Please use the space provided to explain your answers to the questions above. You may also include additional comments for the author, including concerns about dual publication, research ethics, or publication ethics. (Please upload your review as an attachment if it exceeds 20,000 characters)

Reviewer #1: The manuscript presents a format to represent the information needed to build an interactive identification key based on JSON format.

Although novel proposals are made in the manuscript, such as the use of JSON and its capabilities to represent geographic regions through polygons, and to specify characters and states in multiple languages, it lacks a solid methodology in the construction of the proposal, as well as of theoretical foundations of taxonomy and biological identification.

Introduction

It is stated that “A number of digital identification key formats exist [15, 16], but these come with a number of limitations in what they can represent”, but no explanation of these limitations is given.

Methods

The method is poor, as it does not delve into taxonomic concepts nor does it explicitly state how the Clavis format was defined. Character types and character states and the problems of their computer representation are not listed or discussed in depth.

A comparative scheme is needed to show the advantages and strengths of the “Clavis” representation against other popular formats such as the Delta format.

Results

Using a fictitious taxonomic group (Pokémon in this case) can provide didactic benefits in certain contexts, but in the case of showing the power of representation of a representation structure of taxonomic knowledge it may not be adequate, since it does not give the opportunity to address the range of peculiarities and exceptions observed in real taxa.

Discussion

It is stated that “A particularly potent application of the Clavis format will be an implementation in tandem with automated image recognition” because “there is no fixed path through the key requiring that taxa are evaluated against their characteristics in any particular order. This means that the key can be applied to any subset of the taxa as easily as to the full taxon set”, two important omissions are made: a) it is not referring to the relevant theoretical framework, namely the polythetic identification, and b) that other formats, such as Delta, can be used in the same way.

Reviewer #2: Dear Editor & Authors

This manuscript (PONE-D-22-15296), “Clavis: an open and versatile identification key format” provides a description of a new tool similar in purpose (though not in function) to matrix-based multiple-access keys for identifying unknown organisms. The paper walks the reader through the rationale for digital keys broadly, and then discusses the basic design elements of the Clavis key, which is implemented in the JSON language.

In general, the manuscript is clearly written, and the figures (primarily schematics illustrating workflows) are clear.

The authors provide, as appendices and via a GitHub link, samples of keys that could be viewed as test cases and, presumably, templates that a reader could use to build their own keys.
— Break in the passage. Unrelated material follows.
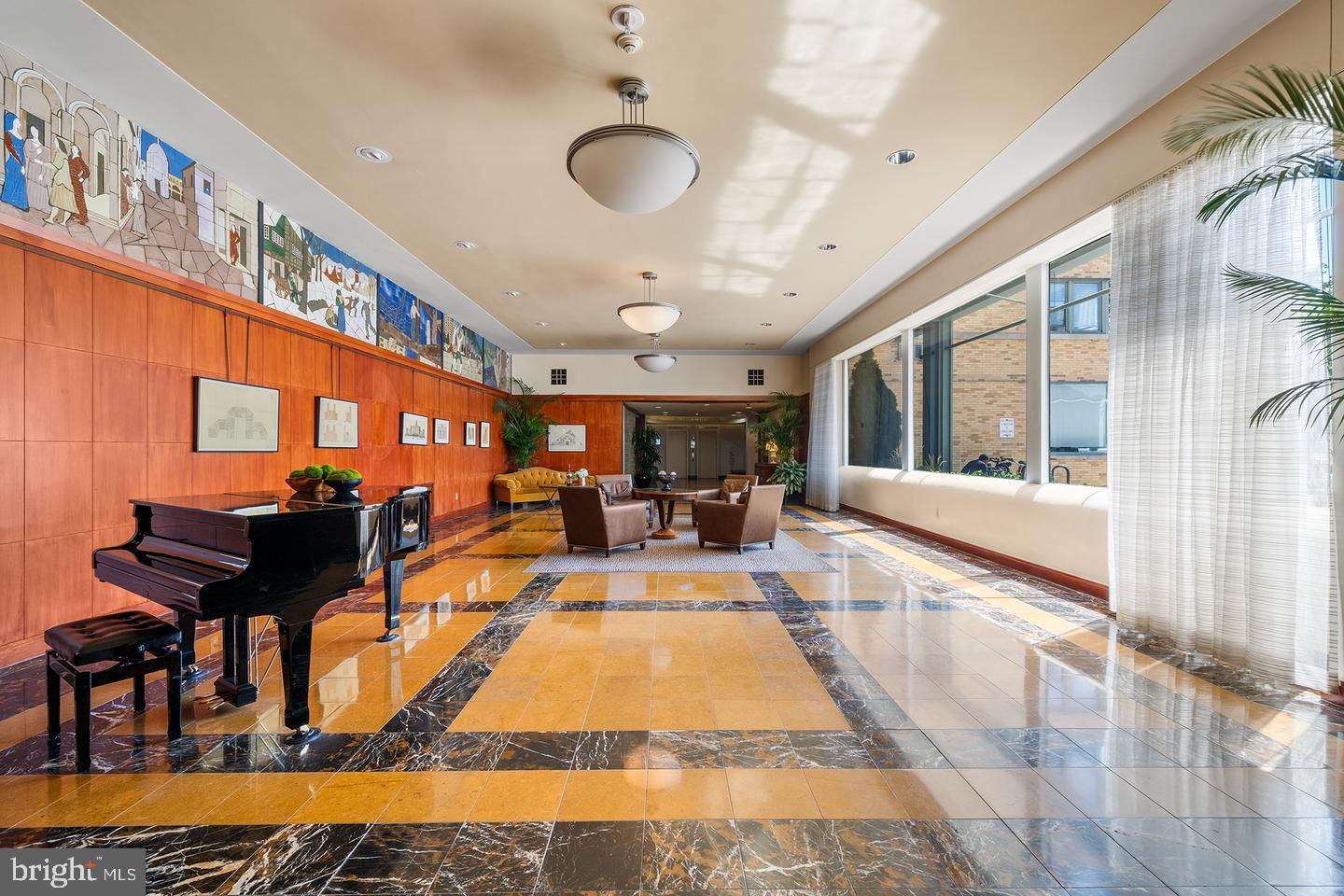 ART MUSEUM AREA - Residential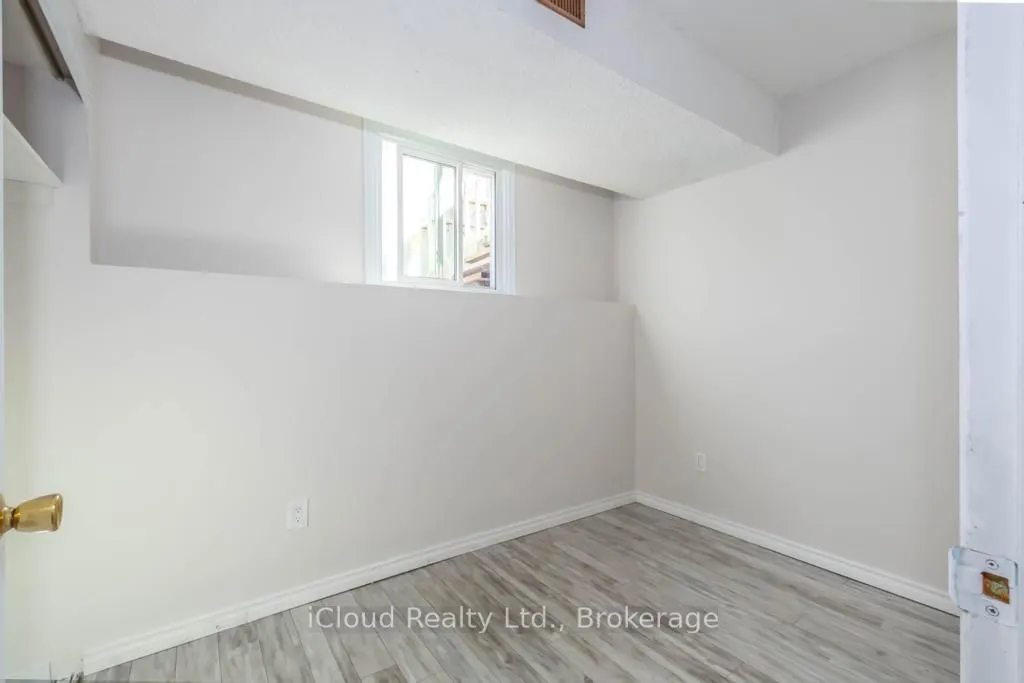 1419 Outlet Drive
I was unable to figure out how to execute the code for the sample keys and so didn’t review those.

In general, I strongly support the publication of this new tool. I have some suggestions for improvement, but they are all with the text, not with the quality or substance of the tool itself. I think that the more tools that are out there, the better- especially things like this that are freely available and published in an open access journal. It’s not entirely clear to me how substantially this contribution will move the field forward (see comments below), but I might not be the target audience and I think tool that the authors have put together definitely should be put out into the world so that it can find its audience.

I have a couple general comments/suggestions for improvement below. These are followed a few more specific comments with line numbers.

General comments

1) It wasn’t clear to me who the audience was. This normally is not something I think about in a review, but I found myself struggling with it here. There seems to me to be two potential audiences: 1) people with the coding expertise to use this work as a template to develop similar tools for their own use and 2) taxonomists who are interested in developing digital keys and have at least some background in coding but who might need to collaborate with someone with more coding expertise to make this work(I fall into the latter category). It may be that the paper would be quite useful to the first audience as written, but for the second audience (if taxonomists were one of the intended audiences), it needs some improvement to convincingly make the case that it’s worthwhile for a taxonomist ot invest the time in learning how to use the tool.

Specifically, here are the issues that could use further elaboration, clarification, etc.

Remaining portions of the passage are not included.